(TASK DATA)
----
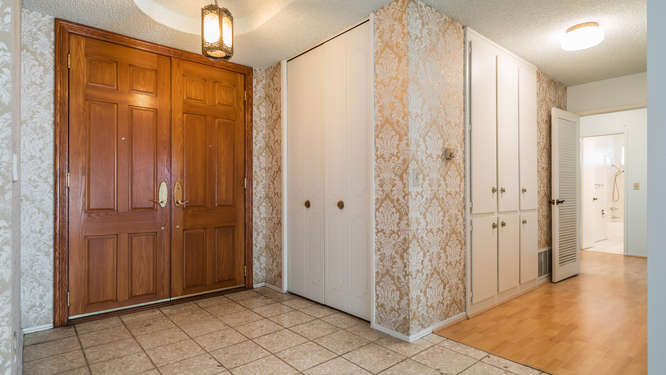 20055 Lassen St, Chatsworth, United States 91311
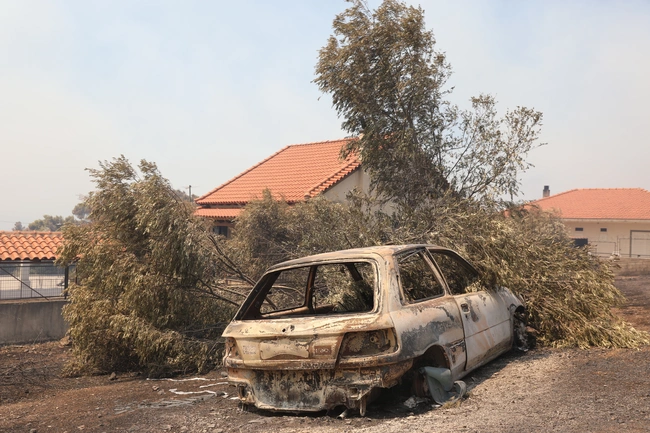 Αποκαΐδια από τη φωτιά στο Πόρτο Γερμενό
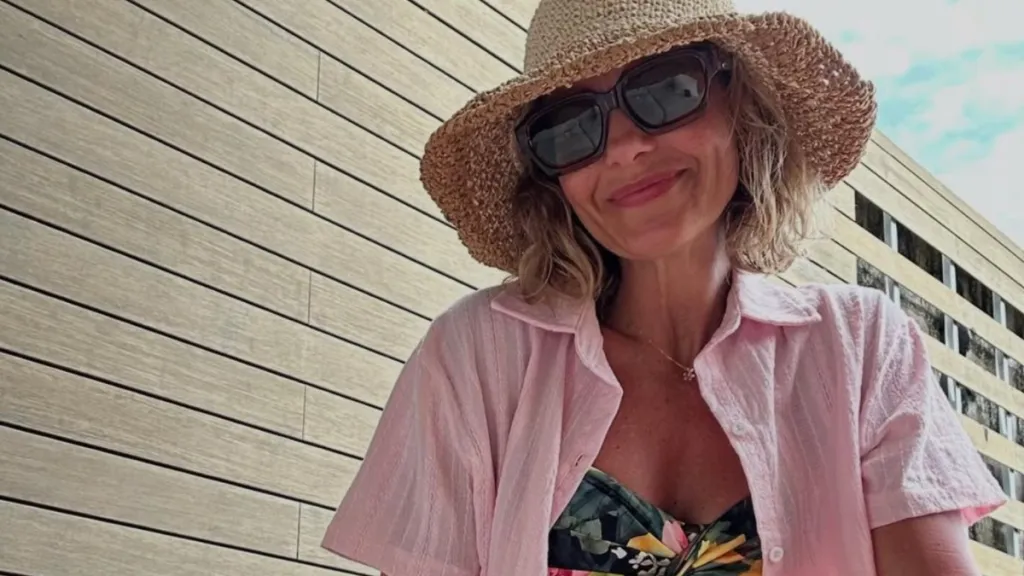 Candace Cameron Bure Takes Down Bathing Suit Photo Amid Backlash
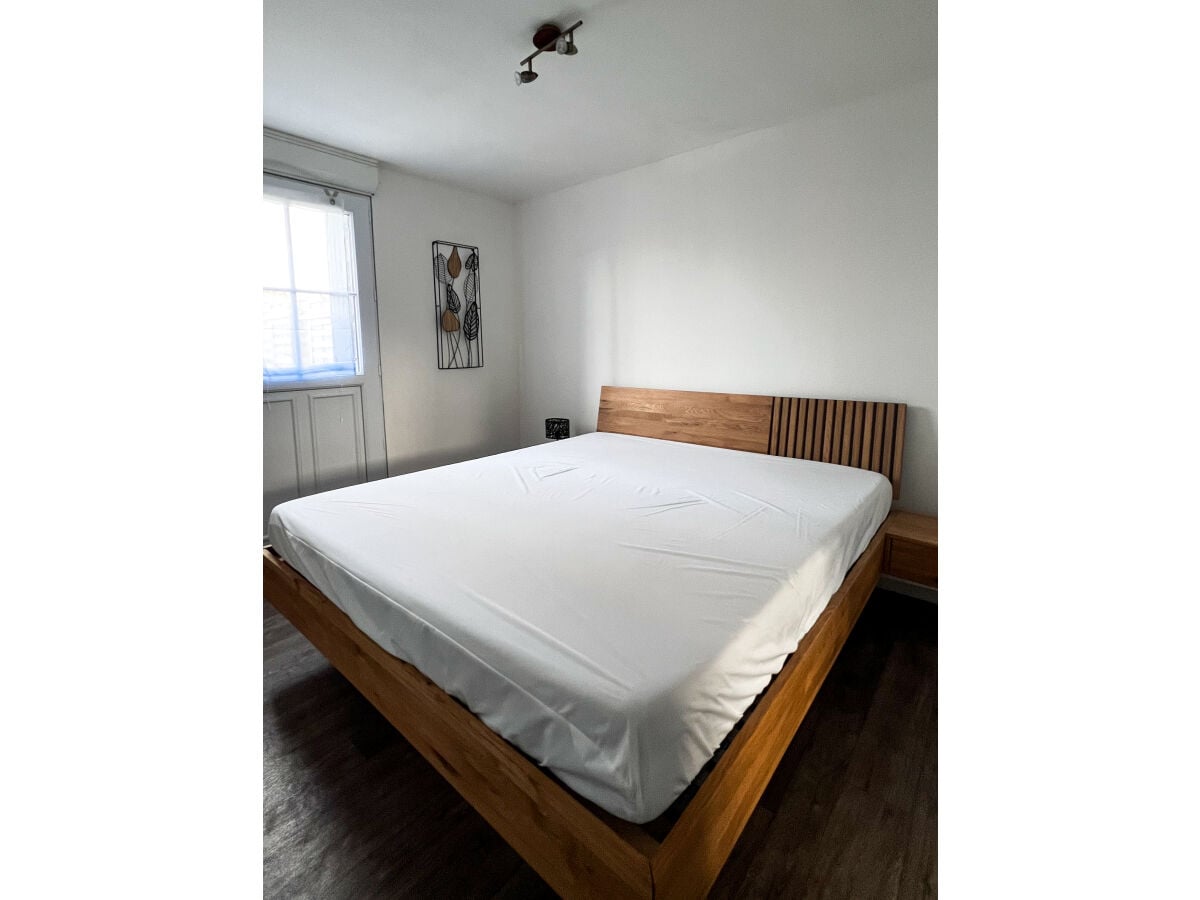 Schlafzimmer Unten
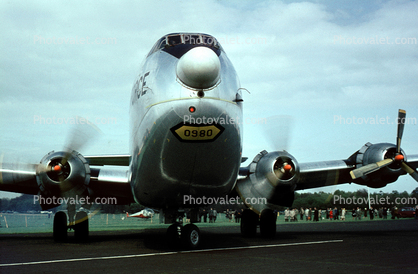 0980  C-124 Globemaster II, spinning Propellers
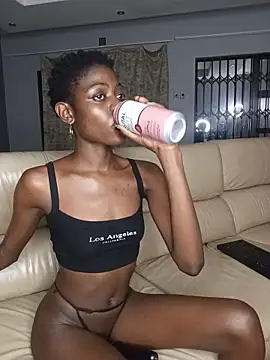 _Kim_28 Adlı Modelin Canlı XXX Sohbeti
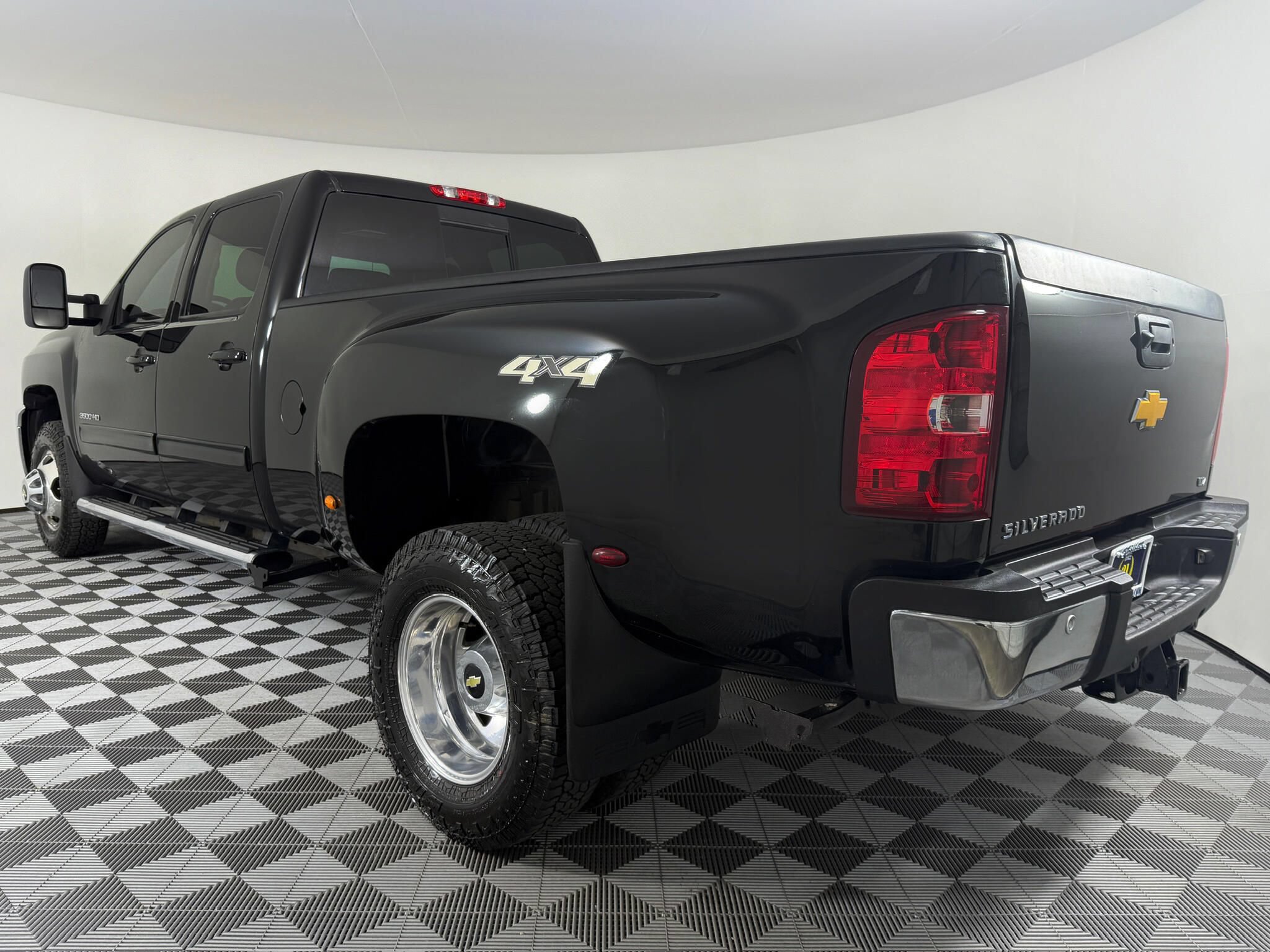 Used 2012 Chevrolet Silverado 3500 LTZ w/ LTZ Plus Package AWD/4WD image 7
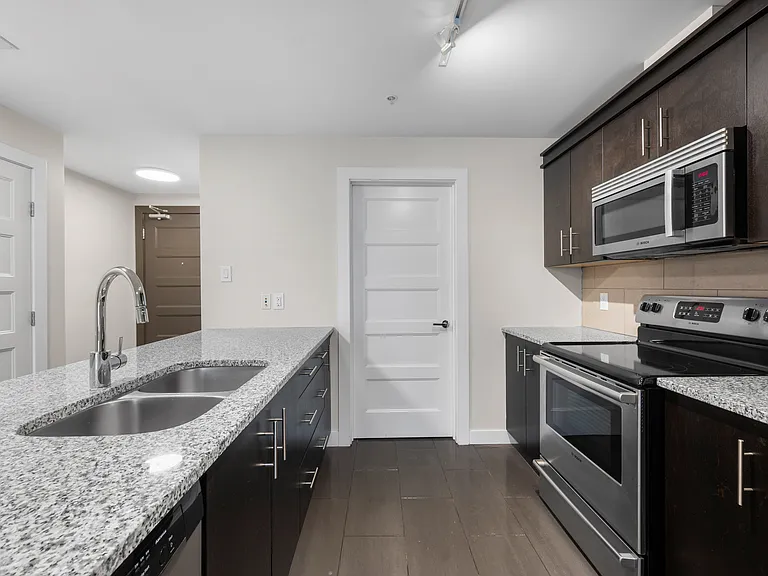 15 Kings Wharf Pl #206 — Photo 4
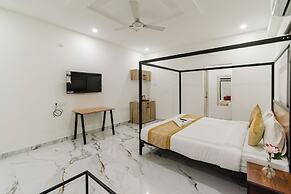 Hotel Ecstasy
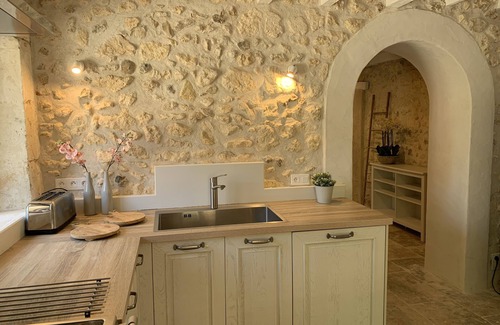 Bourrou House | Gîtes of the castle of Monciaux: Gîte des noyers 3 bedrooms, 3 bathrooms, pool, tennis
----
(ASSIGNMENT)
Beginning at the line containing "15 Kings Wharf Pl #206 — Photo 4", restate every line through the end of the material above exactly; omit the pictures.

(ANSWER BOX)
 15 Kings Wharf Pl #206 — Photo 4
 Hotel Ecstasy
 Bourrou House | Gîtes of the castle of Monciaux: Gîte des noyers 3 bedrooms, 3 bathrooms, pool, tennis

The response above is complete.